Le gouvernement et les préfectures sont naturellement en coopération constante. Il y a d’abord, comme nous l’avons évoqué, le format des cellules de crise, qui a été gravé dans le marbre par une directive du ministère de l’intérieur. Ensuite, il faut distinguer les fonctions de ces deux organes de l’Etat. Dans le cadre des déplacements de supporters, les préfectures ont vocation a encadrer ces déplacements. Ainsi, les arrêtés pris dans ce sens sont chargés de faire respecter le maintien de l’ordre public tout en permettant l’exercice du supporterisme. C’est par exemple le cas des arrêtés interdisant le port de maillots de l’équipe visiteuse lors de la réception d’une équipe rivale, bien que cette mesure ne soit pas trop appliquée à Paris. Cette mesure vise à protéger les supporters visiteurs, qui ne se rendent ainsi par reconnaissables et évitent d’être pris à partie. Lorsque la situation présente un risque trop important, il n’est pas de la compétence d’une préfecture d’interdir purement et simplement un déplacement. C’est le ministre de l’intérieur lui-même qui édicte un arrêté d’interdiction, qui empêchera tout déplacement de supporters. 

Et la place des supporters dans tout ça ? 

Les préfectures discutent principalement avec les clubs et n’ont pas d’échange direct avec les groupes de supporters. C’est plutôt les renseignements territoriaux qui discutent avec eux au sujet de la sécurité. La DNLH fonctionnait aussi comme ça et c’est probablement toujours le cas (Antoine MORDACQ a quitté la DNLH il y a 2 ans). Il est préférable de passer par les clubs pour deux raisons. La première est juridique, les clubs étant responsables de leurs supporters et de leurs agissements, il est normal que ce soit eux qui s’exprime sur la façon dont va se dérouler un déplacement ou une réception. La deuxième est plus politique. Il existe de nombreux clubs ou les supporters sont en conflit avec la direction, comme à Nantes par exemple, et ou il sera donc impossible d’obtenir un consensus de la part du club et des supporters. 

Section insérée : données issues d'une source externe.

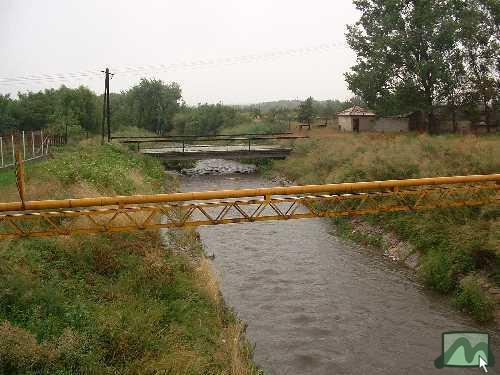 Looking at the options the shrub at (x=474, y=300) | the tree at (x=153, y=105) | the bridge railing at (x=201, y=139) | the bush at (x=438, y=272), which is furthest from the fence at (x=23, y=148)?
the tree at (x=153, y=105)

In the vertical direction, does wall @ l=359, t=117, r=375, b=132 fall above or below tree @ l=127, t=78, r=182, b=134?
below

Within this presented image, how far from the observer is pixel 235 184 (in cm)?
3688

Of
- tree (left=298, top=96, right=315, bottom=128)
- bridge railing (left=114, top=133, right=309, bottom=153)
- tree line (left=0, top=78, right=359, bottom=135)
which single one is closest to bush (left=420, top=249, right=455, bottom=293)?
bridge railing (left=114, top=133, right=309, bottom=153)

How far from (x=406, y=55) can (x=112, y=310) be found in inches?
1180

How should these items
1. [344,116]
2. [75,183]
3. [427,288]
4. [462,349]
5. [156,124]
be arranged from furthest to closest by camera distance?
1. [156,124]
2. [344,116]
3. [75,183]
4. [427,288]
5. [462,349]

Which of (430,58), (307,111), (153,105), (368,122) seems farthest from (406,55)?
(153,105)

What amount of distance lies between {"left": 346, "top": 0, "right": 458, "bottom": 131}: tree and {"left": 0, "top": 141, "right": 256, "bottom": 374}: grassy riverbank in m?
23.3

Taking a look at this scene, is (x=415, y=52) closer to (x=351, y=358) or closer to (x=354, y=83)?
(x=354, y=83)

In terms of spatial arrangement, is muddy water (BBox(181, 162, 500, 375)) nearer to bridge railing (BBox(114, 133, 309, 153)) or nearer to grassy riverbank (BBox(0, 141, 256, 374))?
grassy riverbank (BBox(0, 141, 256, 374))

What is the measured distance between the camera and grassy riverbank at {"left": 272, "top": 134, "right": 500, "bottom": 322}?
14229 mm

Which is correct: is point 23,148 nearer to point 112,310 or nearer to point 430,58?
point 112,310

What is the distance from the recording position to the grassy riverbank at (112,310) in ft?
30.1

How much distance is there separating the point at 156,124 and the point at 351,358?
225 feet

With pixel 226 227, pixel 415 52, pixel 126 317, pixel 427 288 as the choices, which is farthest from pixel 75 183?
pixel 415 52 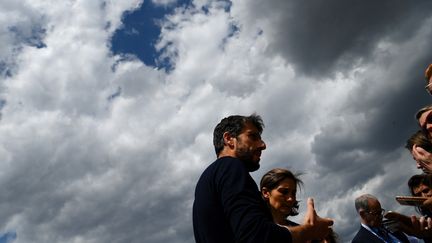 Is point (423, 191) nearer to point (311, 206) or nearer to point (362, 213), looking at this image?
point (362, 213)

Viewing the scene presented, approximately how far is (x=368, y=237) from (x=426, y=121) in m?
4.75

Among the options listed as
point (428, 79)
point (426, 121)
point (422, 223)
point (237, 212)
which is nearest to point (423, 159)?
point (426, 121)

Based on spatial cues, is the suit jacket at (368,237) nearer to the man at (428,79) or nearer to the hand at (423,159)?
the hand at (423,159)

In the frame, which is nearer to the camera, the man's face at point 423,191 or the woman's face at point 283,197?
the woman's face at point 283,197

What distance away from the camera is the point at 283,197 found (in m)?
6.38

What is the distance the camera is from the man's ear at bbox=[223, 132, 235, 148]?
14.7ft

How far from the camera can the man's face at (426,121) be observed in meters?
4.05

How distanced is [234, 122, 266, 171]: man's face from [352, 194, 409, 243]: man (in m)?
4.82

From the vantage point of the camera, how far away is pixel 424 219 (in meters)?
6.44

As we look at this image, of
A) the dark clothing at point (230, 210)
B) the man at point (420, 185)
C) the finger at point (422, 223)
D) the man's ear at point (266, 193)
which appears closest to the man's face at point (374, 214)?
the man at point (420, 185)

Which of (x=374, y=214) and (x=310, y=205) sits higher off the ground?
(x=374, y=214)

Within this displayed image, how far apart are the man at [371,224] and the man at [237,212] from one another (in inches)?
194

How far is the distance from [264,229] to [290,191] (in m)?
3.15

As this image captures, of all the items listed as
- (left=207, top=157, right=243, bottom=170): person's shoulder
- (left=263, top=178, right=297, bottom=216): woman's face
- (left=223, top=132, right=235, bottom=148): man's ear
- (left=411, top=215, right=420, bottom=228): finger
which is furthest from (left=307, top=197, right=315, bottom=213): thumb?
(left=411, top=215, right=420, bottom=228): finger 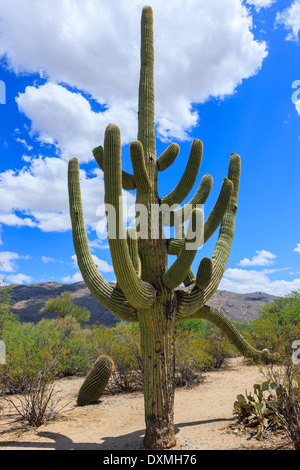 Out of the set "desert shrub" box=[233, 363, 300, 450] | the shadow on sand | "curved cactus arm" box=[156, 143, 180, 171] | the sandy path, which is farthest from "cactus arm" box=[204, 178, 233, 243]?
the shadow on sand

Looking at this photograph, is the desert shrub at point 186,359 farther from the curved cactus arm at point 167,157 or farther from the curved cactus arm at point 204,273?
the curved cactus arm at point 167,157

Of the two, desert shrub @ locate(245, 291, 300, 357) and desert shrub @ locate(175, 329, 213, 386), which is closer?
desert shrub @ locate(245, 291, 300, 357)

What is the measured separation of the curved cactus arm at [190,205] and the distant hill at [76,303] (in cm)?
5717

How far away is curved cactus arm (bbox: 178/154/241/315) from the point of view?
6.16m

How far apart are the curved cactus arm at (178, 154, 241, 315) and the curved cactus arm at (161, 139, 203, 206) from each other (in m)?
1.38

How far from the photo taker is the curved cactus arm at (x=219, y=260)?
6.16m

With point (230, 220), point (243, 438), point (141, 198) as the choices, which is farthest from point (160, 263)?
point (243, 438)

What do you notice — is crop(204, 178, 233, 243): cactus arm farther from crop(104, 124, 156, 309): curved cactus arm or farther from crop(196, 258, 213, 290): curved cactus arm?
crop(104, 124, 156, 309): curved cactus arm

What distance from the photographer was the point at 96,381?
10133 millimetres

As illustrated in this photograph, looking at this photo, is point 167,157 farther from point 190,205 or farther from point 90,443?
point 90,443

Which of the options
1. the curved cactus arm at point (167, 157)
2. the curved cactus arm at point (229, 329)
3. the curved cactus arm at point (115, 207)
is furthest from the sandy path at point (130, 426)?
the curved cactus arm at point (167, 157) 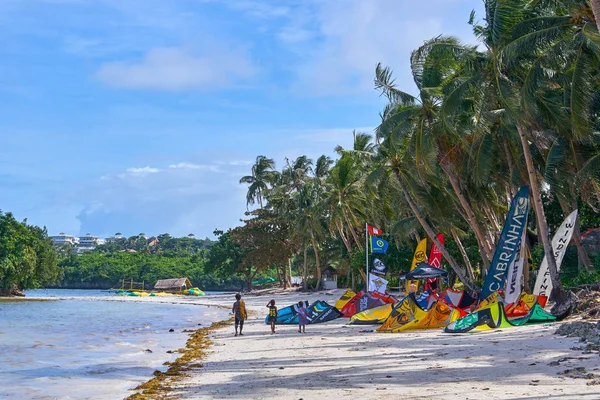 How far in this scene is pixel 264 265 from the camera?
226 ft

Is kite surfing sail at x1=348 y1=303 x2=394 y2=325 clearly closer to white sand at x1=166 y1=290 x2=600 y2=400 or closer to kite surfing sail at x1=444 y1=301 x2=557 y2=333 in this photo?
white sand at x1=166 y1=290 x2=600 y2=400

Voilà ce qu’il en est de la coopération au niveau national. Et au sujet de la coopération internationale ? 

En matière de coopération internationale, les clubs se parlent beaucoup. C’est le format des matchs de coupe d’Europe qui veut ça. En effet, le format aller-retour incite les deux clubs à échanger en matière de sécurité pour assurer la sécurité de leurs supporters à domicile et pendant le déplacement. Pour ce qui est des autorités publiques, il existe également une grande coopération. L’Union Européenne prévoit un point de référence dans chaque pays chargé d’être le guichet unique en matière de renseignements sur les supporters. Ce Point National Information Football (PNIF) est chargé de communiquer à son homologue étranger toutes les spécificités de ses supporters locaux, et d’indiquer les mesures qui seraient les plus efficaces. En France, ce rôle est assuré par la DNLH. Ce sytème est exclusivement européen mais est étendu à l’ensemble des pays en cas de coupe du monde par exemple. La coopération internationale prévoit également l’envoi de « spotters », qui connaissent parfaitement leurs supporters et sont capables de les reconnaitre dans un contexte étranger. 

Un grand merci à Antoine MORDACQ pour le temps passé lors de cet entretien.